Ein Trinkwasserreservoir ist nicht einfach ein Bau, der Wasser speichert. Es ist eine Investition in die Gesundheit und in die Zukunft. Eine Brücke zwischen Dargebot und Nachfrage, wie Rolf Meier, Leiter Bereich Wasser vom SVGW, die Funktion eines Reservoirs metaphorisch auf den Punkt brachte in seiner Begrüssung zur Reservoir-Fachtagung in Biel. Diese fand am 10. September mit einer rekordverdächtigen Teilnehmerzahl von über 300 statt.
Ein Reservoir ist gebaut für Generationen, wenn nicht Jahrhunderte, denkt man an den Säulenwald der berühmten Basilika-Zisterne in Istanbul aus dem 4. Jahrhundert.
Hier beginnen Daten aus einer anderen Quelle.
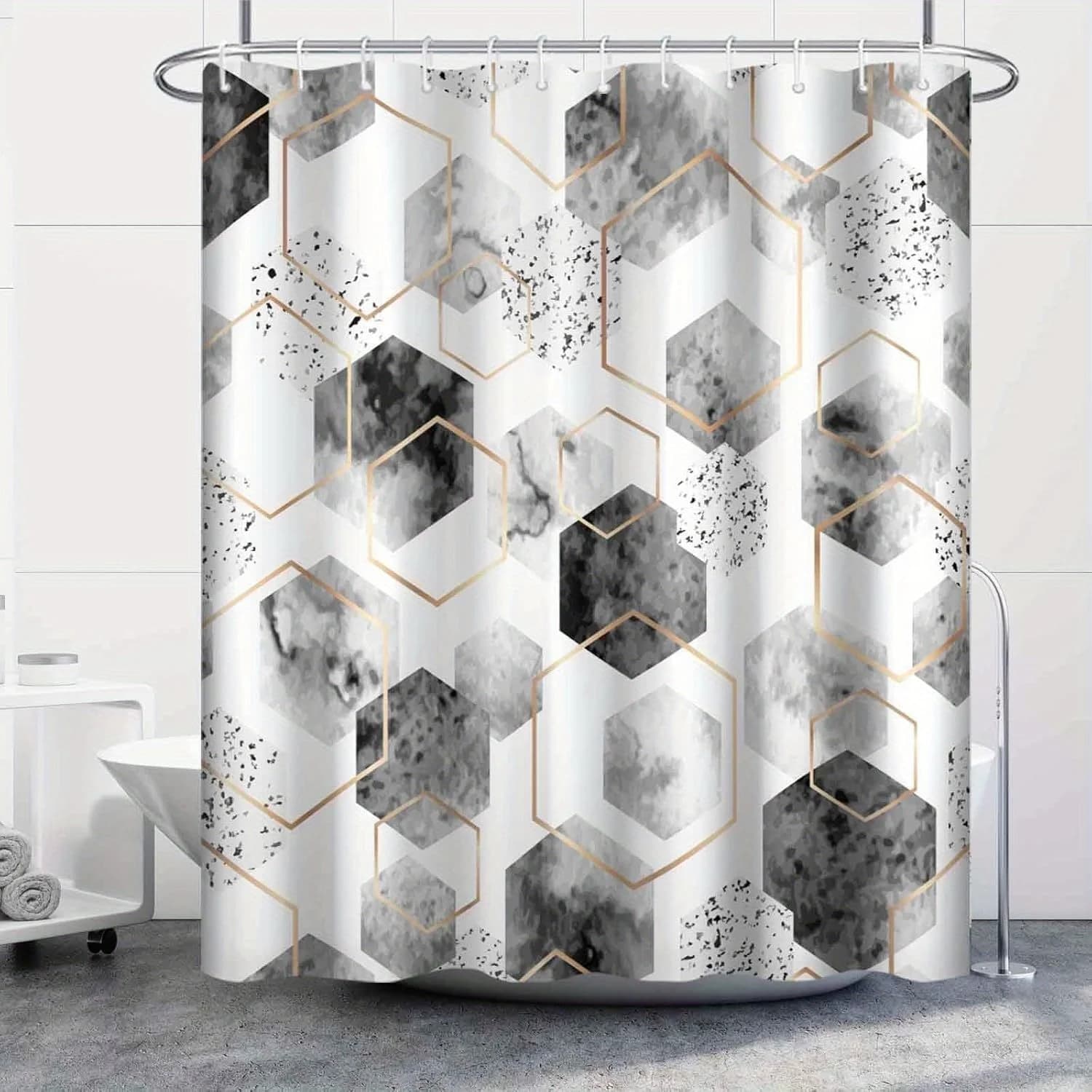 Tenda da doccia moderna in marmo esagonale grigio - Accenti dorati, poliestere, ganci inclusi per un elegante arredamento da bagno per tutte le stagioni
Mit einer Fotografie dieses imposanten Bauwerks startete Adrian Rieder von der Wasserversorgung Zürich WVZ die Tagung. Diese war thematisch entlang des Lebenszyklus eines Reservoirs aufgebaut – so wie auch der Inhalt der aktualisierten SVGW-Richtlinie W6 für Trinkwasserreservoirs. Rieder gab einen umfassenden Einblick in die Neuerungen und Änderungen der W6, die nach dreijähriger intensiver Teamarbeit im März publiziert wurde.
Gemäss W6 beträgt die Nutzungsdauer eines Reservoirs rund 90 Jahre, nach etwa 55 Jahren ist eine Gesamtsanierung angezeigt. Damit diese auch einmalig und nicht eine von mehreren Zwischensanierungen ist, braucht es erst eine detaillierte Zustandsanalyse. Und noch davor eine Gesamtsicht, betonte Patrick Naef, Wälli AG Ingenieure. Damit meinte er die strategische Planung gemäss GWP (Generelle Wasserversorgungsplanung), Druckverhältnisse, Lage, Speichervolumen, Synergien mit Nachbarversorgungen. Erst nach dieser Auslegeordnung könne ein Reservoir beurteilt und Massnahmen geplant werden.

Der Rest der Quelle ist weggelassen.